Almost a year after a committee of senior professors was commissioned to evaluate the education department, the Dean of Faculty Office said it expects to respond to the committee's report by the end of this month.

The report released last spring recommended the cancellation of the education department or urged the department to re-focus its course offerings so that they are consistent with a liberal arts education and less pre-professional.

A decision on the department's future has been stalled now for months since the report was released so that the education department could respond to the committee's findings.

Acting Education Department Chair Robert Binswanger said yesterday his department filed a response last October.

Dean of Faculty James Wright would only say yesterday that his office will have a response within a month, but he declined to comment on what the response will say or how it will be presented.

"Dean Wolford and I are reviewing the materials submitted by the department and expect to respond to the reports this month," Wright said.

George Wolford, associate dean of faculty for the social sciences, has been working closely with Wright in determining the future of the education department.

The report - which still has not been released -criticized the department for in-fighting among professors and for offering what the committee considered a pre-professional teaching program at a college dedicated to the liberal arts, according to sources who have seen the report.

Binswanger declined to comment yesterday on his department's response.

"All of those reports are the deans'. They are private," he said.

Binswanger said Wright met with the education department a number of times in November but would not discuss what Wright said to the department.

Despite earlier promises that he would do so, Wright has not yet released the review committee's report or the department's response.

While reports were being passed back and forth between the education department and the Dean of the Faculty Office, students were left to speculate about whether the department would continue to exist in a year.

According to Binswanger, upperclassmen were advising freshmen not to take education courses or to pursue a teaching certification program because of reports of the department's uncertain future.

Binswanger sent out a BlitzMail message last September through the Freshman Office to the Class of 1997 that said the education department will continue to offer a minor program and a teacher certification program to all students currently enrolled at the College.

"We are not out of business," the message said.

But shortly thereafter, administrators said they could not guarantee the department's courses will be available through 1997.

Wolford called the department's announcement "a premature communication."

"There wasn't sufficient consultation between their department and our office," he said.

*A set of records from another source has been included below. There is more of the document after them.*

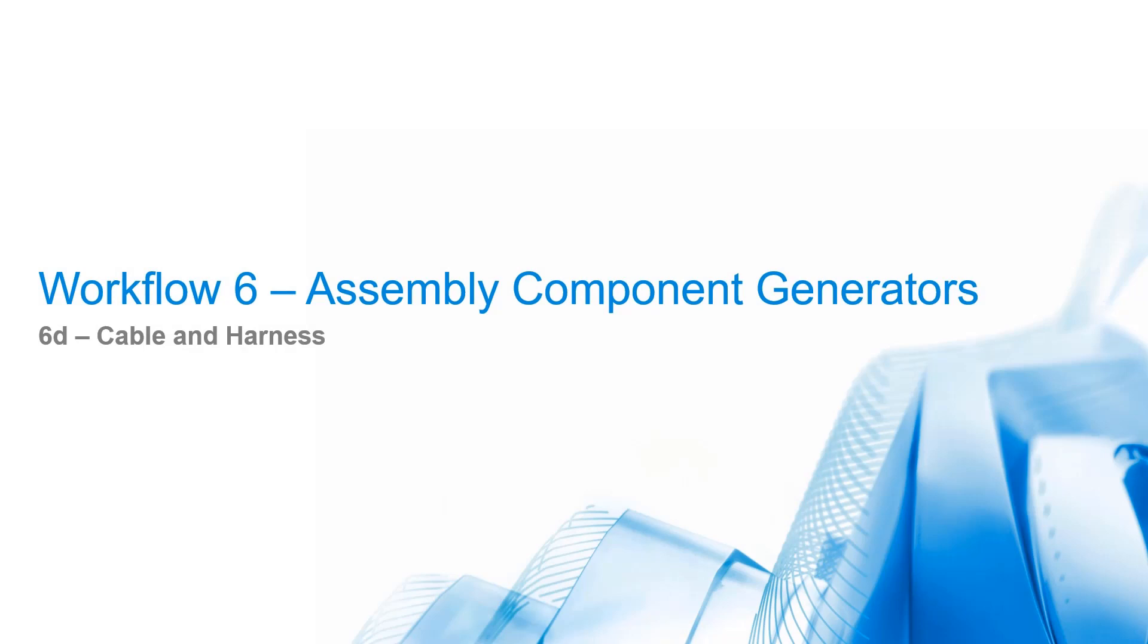Cable and harness. Workflow and concept of cable and harness are identical to tube and pipe, so you can use the same principles while generating a cable and harness assembly.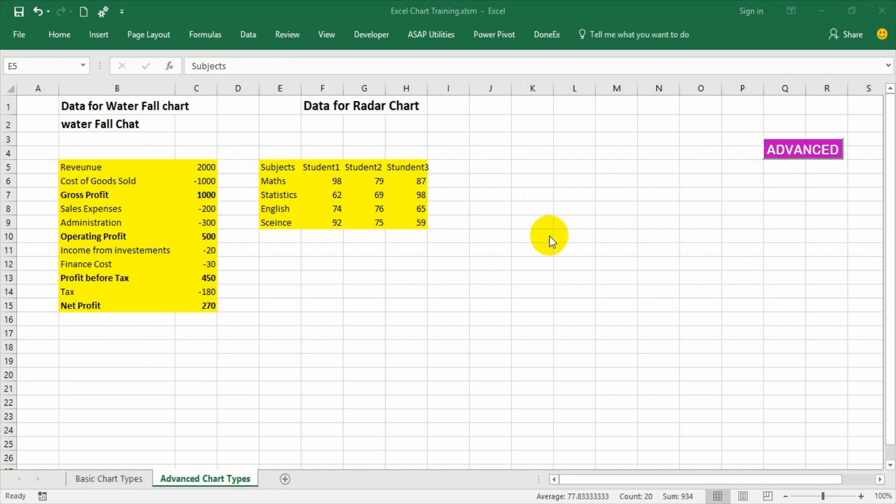Hello friends. In this video let us discuss about radar charts and understand how to make them. Radar chart has got other names like spider chart, web chart, etc.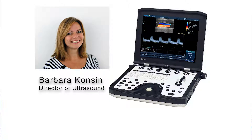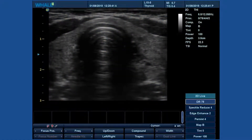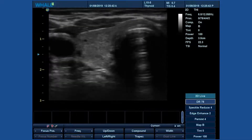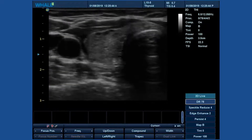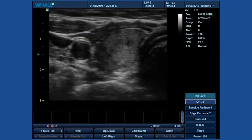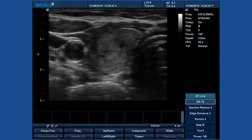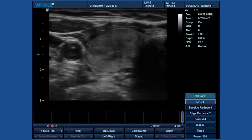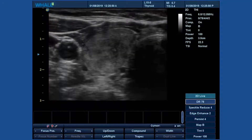I'm going to walk you through the zoom feature on the Whale Ultrasound System. At first glance it may seem very different than ROI zoom, but actually it's still ROI with one less step for faster access.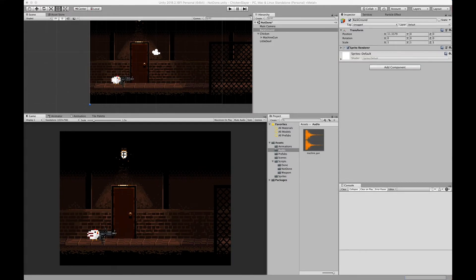That does it for part three of the Chicken Slayer series. Today we went over how to create a camera shake effect using the recoil script from last time, added it to the camera, and called it whenever the machine gun fired. We also learned how to set up a sound effect system using Unity's AudioSource and AudioClip. In the next episode we'll set up a particle system for weapon firing, which will be the end of the series. Hope you found this useful — have a great day and see you next time!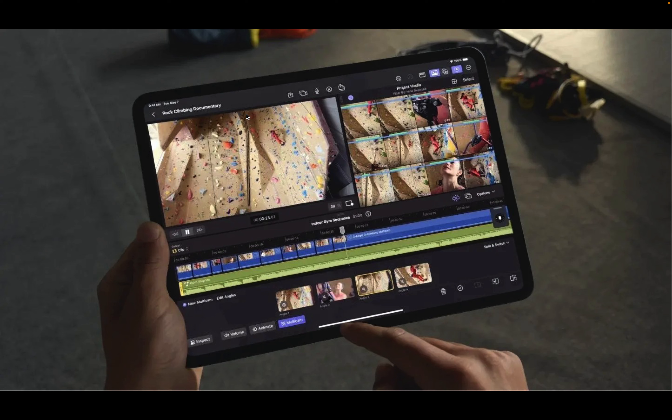And so there you go — there's your quick rundown on cameras. Be sure, while this is all fresh in your memory, you go ahead and take that quiz. Thank you.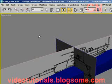Good day everyone, welcome to video tutorials. Today we'll continue on with the tutorial of modeling a tank.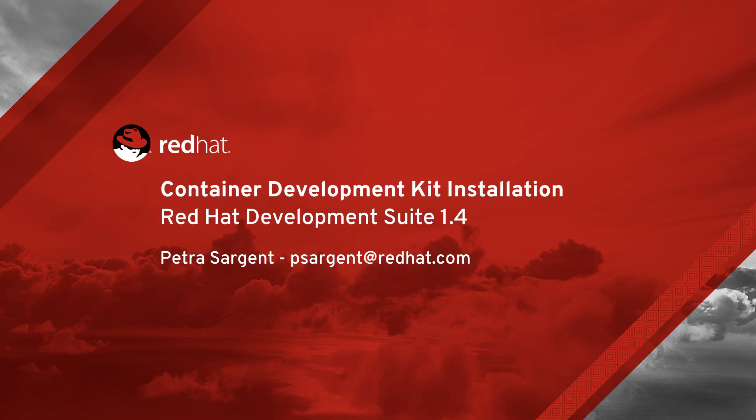Hello, my name is Petra Sargent and I'm a technical writer for Developer Tools. Today I'm going to show you how quickly you can get your local application environment up and running by using Red Hat Development Suite.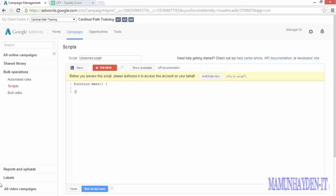And that leads us to our second big advantage of scripts. They can read from external data sources. We just mentioned pulling in inventory data to automate actions, but you can access any kind of data that you want through a URL fetch service, XML, or even data stored in Google Drive.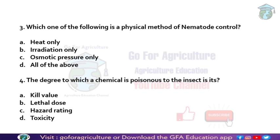Next question: which one of the following is a physical method of nematode control? Physical methods use things like light traps, sticky traps, or pans — used either to control or to collect insects. For nematode control using physical methods, we use heat, irradiation, or osmotic pressure.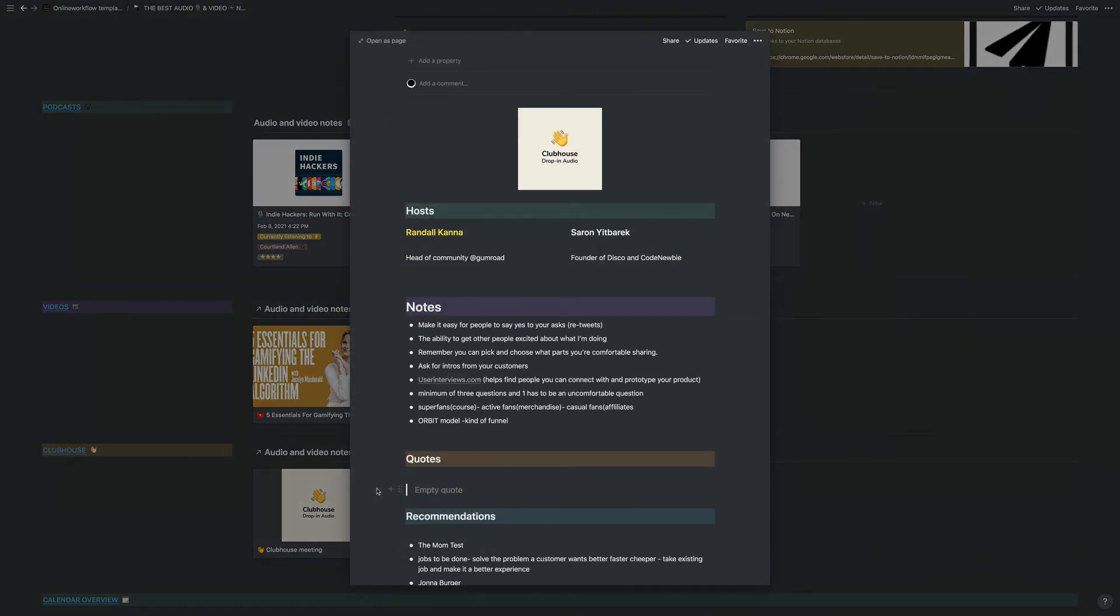I've tried to include all the relevant fields that you would need, including sections for host, notes, any quotes you want to remember, and recommendations that may be said. This has increased my ability to retain a lot of information while I listen to these great chats. I hope it helps you too.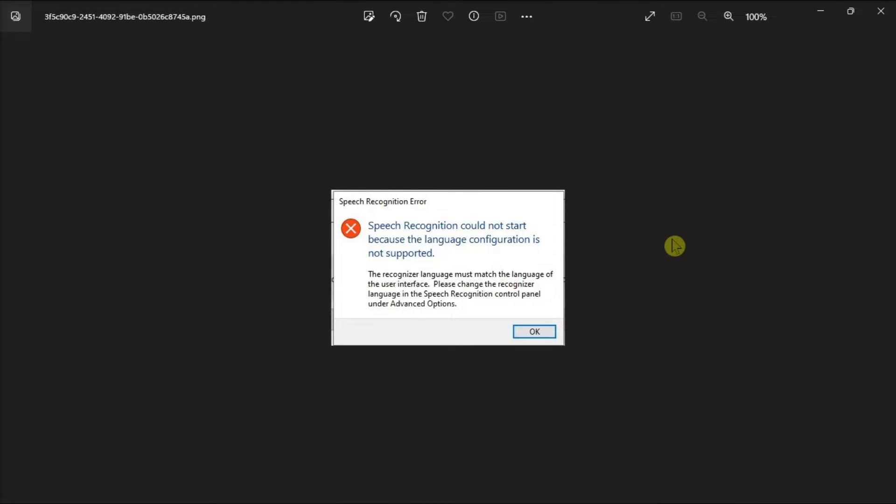If you depend on speech recognition to get around with your Windows PC, here's how to fix this best key error.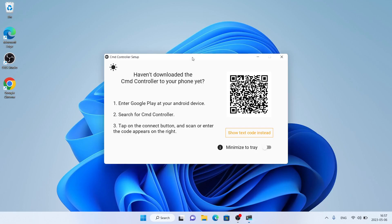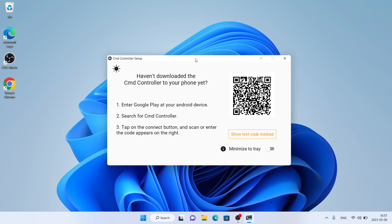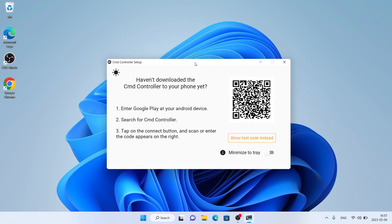So this is how to download and install CMD Controller for Windows. Thanks for watching.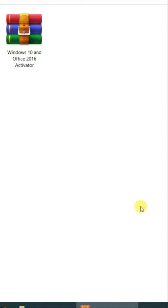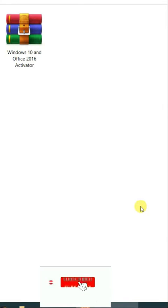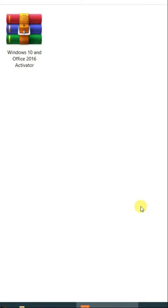Bismillahirrahmanirrahim assalamu alaikum. Hope that you all will be fine. In this video, I am going to teach you how to activate Microsoft Windows 10 and Microsoft Office 2016. First of all, download the given file. The link is in the description.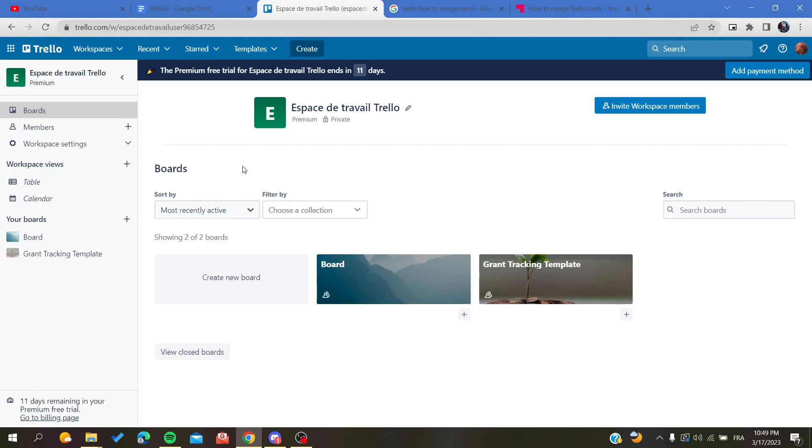Hello guys and welcome to a new brand video. Today I'm going to show you how to move a list to another board in Trello web application. First, I'll need you to open your Trello web application or website and then connect with your account.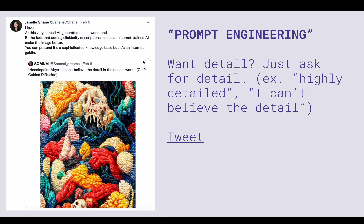I love this example from about a month ago that Janelle Shane highlighted: the person who makes the guided diffusion notebook pointed out there was a hacked phrase — 'I can't believe the detail in the needlework.' There are probably lots of images online where someone says 'I can't believe the detail in this image,' so CLIP has learned that if something says 'I can't believe the detail,' it needs to add detail to the image. That's also why you might see people say 'a highly detailed photograph.'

Regardless of what the review committee recommends, the Dean of Faculty has the authority to change courses or the content of courses in departments.

But the process is longer and more difficult if administrators choose to shut down the department. That would require authorization from the Dean of Faculty Office, the Social Sciences Divisional Council, the Committee on Instruction, the Executive Committee of the Faculty and a vote by the entire faculty, a process that would take several terms to complete.